Gingerbread cookies allow you to unleash your creativity by
decorating them with glazing, and also feature a long shelf-life.
One of the most popular types of gingerbread cookies is a part of
the Lithuanian national heritage. These little “mushrooms” are
well known to every Lithuanian, and primarily associated with
weddings and other important family celebrations. The brown
chocolate hat and white sugary glazing of the stem on a freshly
baked gingerbread cookie looks like a true boletus mushroom!
Pretty gingerbread cookies bring a festive mood to any table.
Using natural products results in delicious, aromatic biscuits that
can be stored for a long time without losing their flavour.
Gingerbread cookies are not only a great dessert, but also a
unique decoration (for example, for a Christmas tree).
A gingerbread cookie takes many shapes (such as little cottages).
If you would like to make these cookies at home, you will need
three eggs, half a cup sugar, 100 grams butter, 200 grams honey,
600 grams flour, and two teaspoons baking powder, cinnamon
and gingerbread spice. For decorations, you will need 100 grams
chocolate, two tablespoons milk, two egg whites and three cups
powdered sugar. Heat the honey, sugar and butter in a cup until
they form a uniform mass. Ones it cools, add eggs and flour
mixed with the baking powder and spices. Knead the dough and
roll into seven mm sheets. Using various shapes prepared in
advance (lambs, angels, Christmas trees, stars, etc.), cut out the
cookies.

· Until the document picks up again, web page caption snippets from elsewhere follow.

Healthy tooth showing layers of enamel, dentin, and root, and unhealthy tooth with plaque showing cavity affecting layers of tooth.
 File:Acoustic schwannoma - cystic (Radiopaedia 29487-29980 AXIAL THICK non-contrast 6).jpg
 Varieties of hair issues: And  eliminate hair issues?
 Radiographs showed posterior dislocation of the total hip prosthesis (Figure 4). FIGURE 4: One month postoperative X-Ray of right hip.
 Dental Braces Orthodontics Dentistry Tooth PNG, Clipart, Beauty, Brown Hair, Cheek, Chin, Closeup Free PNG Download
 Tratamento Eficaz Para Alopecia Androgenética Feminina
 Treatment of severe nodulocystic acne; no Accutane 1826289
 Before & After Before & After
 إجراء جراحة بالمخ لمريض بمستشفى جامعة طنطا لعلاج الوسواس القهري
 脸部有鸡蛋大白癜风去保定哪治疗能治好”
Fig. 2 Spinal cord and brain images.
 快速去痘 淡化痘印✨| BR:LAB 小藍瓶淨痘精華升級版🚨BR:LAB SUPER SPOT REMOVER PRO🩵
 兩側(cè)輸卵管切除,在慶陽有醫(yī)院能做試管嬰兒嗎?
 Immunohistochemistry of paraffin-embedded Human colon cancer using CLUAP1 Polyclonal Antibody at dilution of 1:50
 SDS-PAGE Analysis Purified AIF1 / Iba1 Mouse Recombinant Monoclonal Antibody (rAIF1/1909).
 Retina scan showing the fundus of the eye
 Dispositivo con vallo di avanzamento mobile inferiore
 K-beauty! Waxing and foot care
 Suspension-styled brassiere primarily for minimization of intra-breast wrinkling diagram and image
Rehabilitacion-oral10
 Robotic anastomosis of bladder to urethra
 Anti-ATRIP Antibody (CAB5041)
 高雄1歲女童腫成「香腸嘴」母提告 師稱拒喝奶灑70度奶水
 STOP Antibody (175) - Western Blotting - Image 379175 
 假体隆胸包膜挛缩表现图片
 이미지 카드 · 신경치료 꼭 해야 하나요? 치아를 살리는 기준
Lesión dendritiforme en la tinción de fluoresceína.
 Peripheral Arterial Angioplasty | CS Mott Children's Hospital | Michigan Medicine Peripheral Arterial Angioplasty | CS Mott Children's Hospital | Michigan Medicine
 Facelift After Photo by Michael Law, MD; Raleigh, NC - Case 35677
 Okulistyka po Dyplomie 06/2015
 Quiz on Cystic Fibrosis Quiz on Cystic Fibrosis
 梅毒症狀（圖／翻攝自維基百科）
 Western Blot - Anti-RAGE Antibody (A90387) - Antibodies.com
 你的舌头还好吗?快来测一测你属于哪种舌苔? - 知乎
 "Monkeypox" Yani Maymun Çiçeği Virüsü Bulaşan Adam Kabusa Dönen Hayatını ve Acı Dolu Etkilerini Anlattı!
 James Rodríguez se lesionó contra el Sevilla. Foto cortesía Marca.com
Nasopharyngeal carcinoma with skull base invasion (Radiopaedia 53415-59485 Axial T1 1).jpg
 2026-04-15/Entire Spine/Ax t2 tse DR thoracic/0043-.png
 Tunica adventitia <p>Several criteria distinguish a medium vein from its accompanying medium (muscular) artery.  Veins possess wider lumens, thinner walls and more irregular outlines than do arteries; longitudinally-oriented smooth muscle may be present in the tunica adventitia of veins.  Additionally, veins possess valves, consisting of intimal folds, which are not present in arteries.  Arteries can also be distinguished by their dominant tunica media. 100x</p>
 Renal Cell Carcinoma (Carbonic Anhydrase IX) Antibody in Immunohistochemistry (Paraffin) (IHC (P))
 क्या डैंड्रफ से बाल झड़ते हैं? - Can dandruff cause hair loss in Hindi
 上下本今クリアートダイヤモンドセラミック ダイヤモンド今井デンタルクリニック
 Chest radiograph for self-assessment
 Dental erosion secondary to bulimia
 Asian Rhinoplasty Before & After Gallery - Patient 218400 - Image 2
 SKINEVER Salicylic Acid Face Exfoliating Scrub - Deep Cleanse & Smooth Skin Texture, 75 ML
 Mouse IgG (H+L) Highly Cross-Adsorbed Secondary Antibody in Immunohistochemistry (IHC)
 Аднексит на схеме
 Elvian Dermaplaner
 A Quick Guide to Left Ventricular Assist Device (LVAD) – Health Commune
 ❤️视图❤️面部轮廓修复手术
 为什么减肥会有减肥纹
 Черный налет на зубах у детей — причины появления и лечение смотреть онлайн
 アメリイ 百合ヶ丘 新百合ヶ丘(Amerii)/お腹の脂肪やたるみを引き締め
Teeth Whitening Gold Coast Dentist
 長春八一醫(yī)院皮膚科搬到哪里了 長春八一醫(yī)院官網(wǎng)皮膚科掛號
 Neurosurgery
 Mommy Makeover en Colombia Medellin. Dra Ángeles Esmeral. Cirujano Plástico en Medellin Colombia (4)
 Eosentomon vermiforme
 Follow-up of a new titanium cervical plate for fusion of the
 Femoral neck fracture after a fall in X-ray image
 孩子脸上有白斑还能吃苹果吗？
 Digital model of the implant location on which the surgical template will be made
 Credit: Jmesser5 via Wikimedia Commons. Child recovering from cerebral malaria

Bake them on a baking tray lined with baking paper in an
oven preheated to 170 degrees C. Right before the festivities,
decorate the little gingerbread cookies with chocolate melted in
milk, and egg white glazing. The glazing may be coloured using
natural products such as mint syrup, beetroot, aronia and sea
buckthorn juice, making the pastries even more playful.